School board notes report cards
The district had three elementary schools, Newby, Memorial and Sue Buel, designated as "model schools" by the state for their academic scores and growth. Not only is it the second year in a row McMinnville's had three model schools, but it the second year it had more models than any other district in the state – three of the total 27 model schools statewide.
All three of those schools earned rankings of 5, meaning they are in the top 10 percent of schools statewide. Duniway Middle School also rated 5. The district's other middle and elementary schools rated 4, with a 3 for McMinnville High School.
Superintendent Maryalice Russell noted that the new report cards contain a great deal of data for parents, ranging from enrollment growth to comparisons of local schools' scores with those of the state as a whole and similar districts.
She questioned the seismic rating on the cards, however. She noted that the seismic survey is based on appearance of the buildings, rather than how they were built and updated. And some of the data is incorrect -- McMinnville High School's rating, for instance, is mistakenly based on a school in another district.

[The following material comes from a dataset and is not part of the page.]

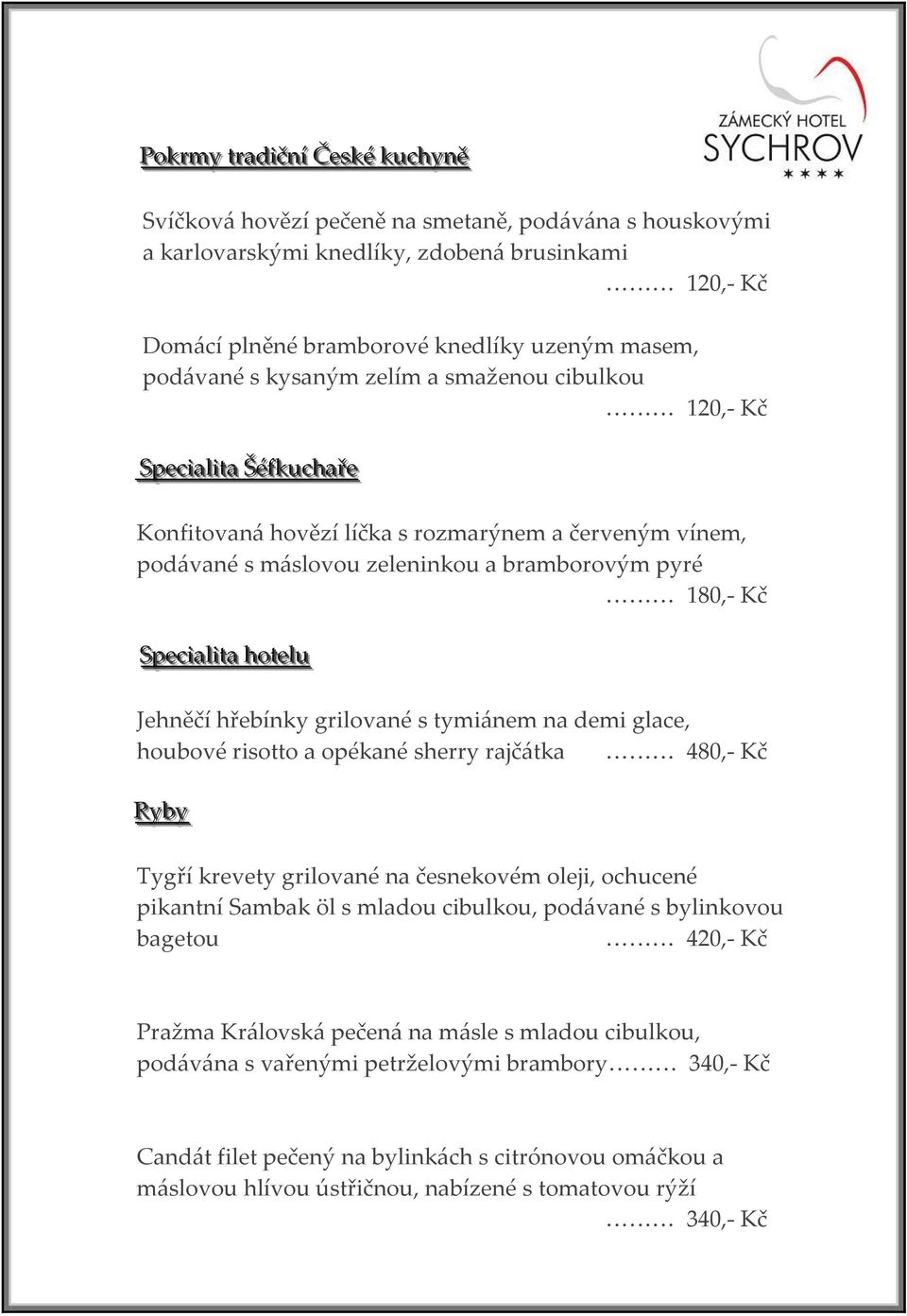 Specciialliitta hottellu Jehněčí hřebínky grilované s tymi{nem na demi glace, houbové risotto a opékané sherry rajč{tka 480,- Kč Ryby Tygří krevety grilované na česnekovém oleji, ochucené pikantní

On another matter, finance director Susan Escure reported that McMinnville will receive about $1 million more in state funding as a result of the recent special legislative session. The legislature devoted more to schools so they can add teachers and school days and lower class size, she said. The money will come in 2014-15.
Escure also noted that this is the first year since 2009-10 that McMinnville's enrollment has grown. The district currently has 169 more students than projected, with a total of 6,607.
After the meeting, the superintendent noted that the district received confirmation that its application for a federal Race to the Top grant was received, despite the government shutdown.
The shutdown, which ended Thursday, may delay announcement of the grant winners, however. Originally, that was to happen Dec. 1.
The $20 million grant would augment programs for students in pre-kindergarten to grade 12, Russell said.
In other business Monday night:
* School board members and the audience stood and repeated the Hands & Word pledge, "I will not use my hands or my words for hurting myself or others."
Gloria Foltz of Soroptimist International of McMinnville told the board about the history of Hands & Words, which was started by a Salem martial arts teacher in 1997. She wanted to teach people that they have a moral and legal right to live free of abuse and violence, Foltz said.
"Maybe we should send this to Washington," she quipped.
Hands & Words is used internationally. McMinnville School District students say the pledge on a regular basis. McMinnville Soroptimists adopted it as one of their efforts, because it fits with their main goal of bettering the lives of women and girls.
Hands & Words Week is Oct. 20 to 26.
* Sue Buel Elementary School students, Principal Stephanie Legard and librarian Sharon Buehler talked about the myriad ways the school is encouraging students to love reading.
Over the summer, the library was open so students could check out books and pick up books to keep; almost 160 students took advantage of the program, which also offered crafts, yoga and other activities. The school also mailed out free books to more than 100 primary students over the summer.
For students in grades three through five, Buel offers noontime book clubs. About 189 children participated last spring. The school also has a "You read it, you keep it" program funded by a grant; participants can read books, then take them home to share with their families.